From the 12th century Archangel by Novgorod School in Russia to the 16th century Mona Lisa by Leonardo da Vinci and to Pablo Picasso’s 1946 Portrait of Françoise, women have ruled the artists’ canvases and art-lovers’ hearts for over 500 years. Each of the great artists trying to emphasize on the beauty of their creation – the elusive eyes, the silk locks, the tender smiles and the subtle deportment – attributes that still warm our hearts and make us gaze at the art work for hours and hours. I personally did not want to move away from the sight of Mona Lisa until I was dragged away by a friend reminding me there’s was much more left to see of the colossal Louvre Museum.

But what makes me uncomfortable are the changing images and [mis]representation of women in contemporary art. I doubt there’s a way to euphemize the changing perceptions, but I have no doubts in saying that women are constantly being sexually objectified in contemporary art, unfortunately mostly by women themselves. 
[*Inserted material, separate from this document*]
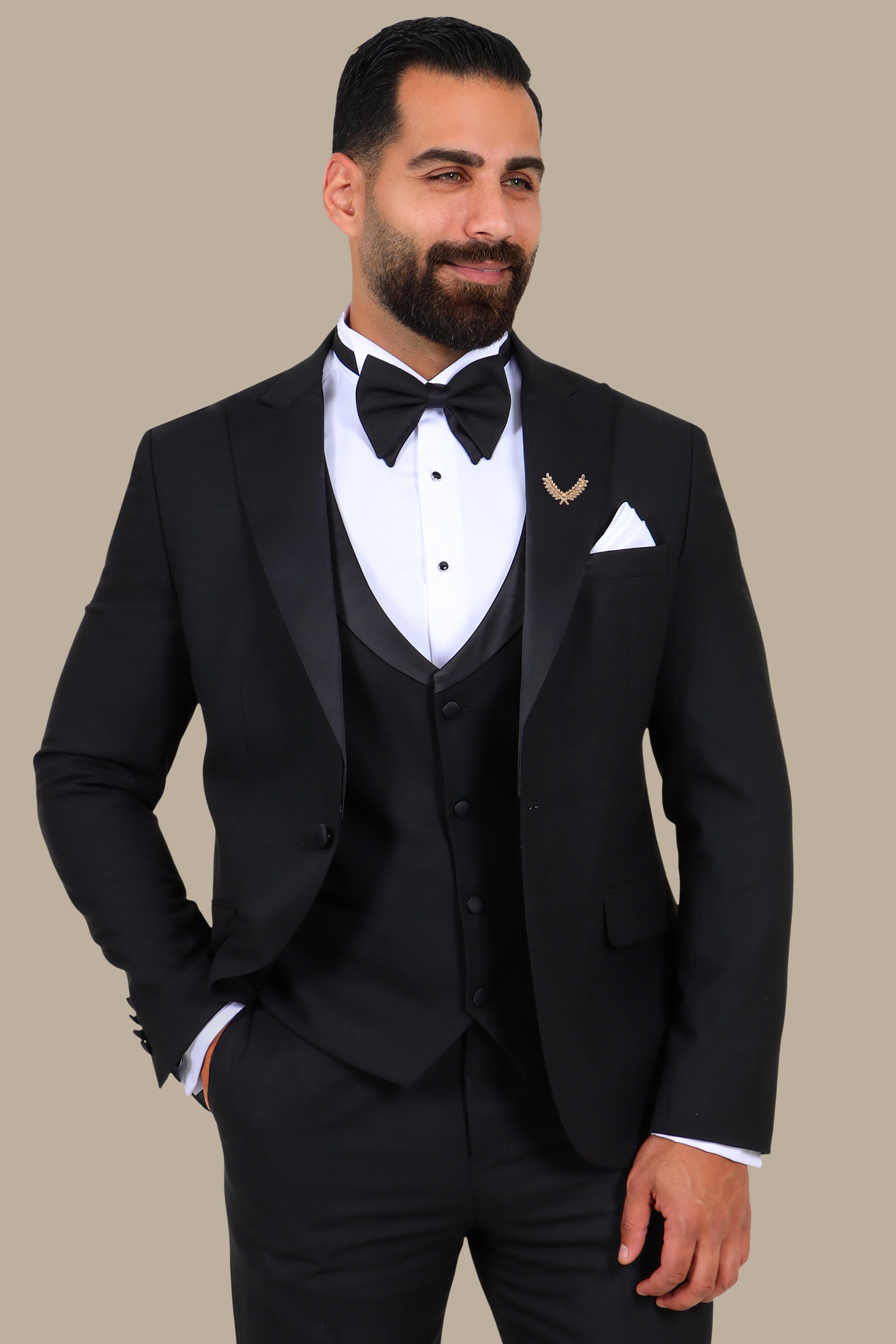 4-Piece Tuxedo Peak Lapel Plain Black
I for one do not want my children to grow up forced into watching and praising the art that rather objectifies women as sexual entities than as individuals. I am sure none of you want that either. I wish I could steal Huffington Post’s blogger Neal Samudre’s words when he said, “I’m terrified this culture will continue for my children, and one day they’ll dishonour the beautiful people around them, just because they’re not dancing naked in front of them.”

The worry is since then increasing. The apprehensions about our children never being able to develop the sense to see and appreciate beauty in art. And it wasn’t until I read a report about a female artist in the US, who did exactly what she shouldn’t be doing: using her sexuality to project art. In other words, she rolled around naked on the gallery floor, performing absurd acts to bring the audience’s attention to her ‘sexualized parts’. Some people might call it an art form, but I call it objectifying a woman’s body to the extent that the subjects only see her as a sexual entity and not a person. And then there was this weird live art performance elsewhere, in which the woman popped out paint balls from inside her vagina that fell all over the floor canvas making some form of stained picture that she later called abstract art.

Is this real art? And is this all left to a woman artist’s creativity, artistic abilities, and gender representation? I am sure, not.

We didn’t notice this sexual objectification in the 70s and the 80s, and we didn’t identify its silent emergence in the 90s and the following decade. I am afraid if we continue to ignore initiating a public discourse now, we will regret it in the coming decade and those to follow.

Most of you will agree with me here when I say that when the situation will go out of control, we will not only be responsible for ruining beautiful art and the meaning of art, but also for destroying the true meaning of freedom of expression, rational thinking, the very basis of gender definitions, respect for art and cultures, and art itself as a form of medium of expression and message.

I fear that my child, in case of wanting to become an artist, will be judged by his or her impudence to accept unreasonable nudity in the name of ‘abstract art’ rather than his/her understanding of classical art and realism. I am afraid if he/she will be bullied as old-school for studying da Vinci or Picasso (that is only if professors and universities still taught them then, huh!). I want my children and yours to recognise this thin line between sexual attraction and sexual objectification.

For now, I am sorry but I don’t appreciate art where a woman pops out paint from her vagina and calls it ‘live art’, nor do I want my child to grow up into one. I am rather happy with the timeless strokes of paint that create eternal, real images. Let’s not make the world a queerer place for our kids. It already is quite enough.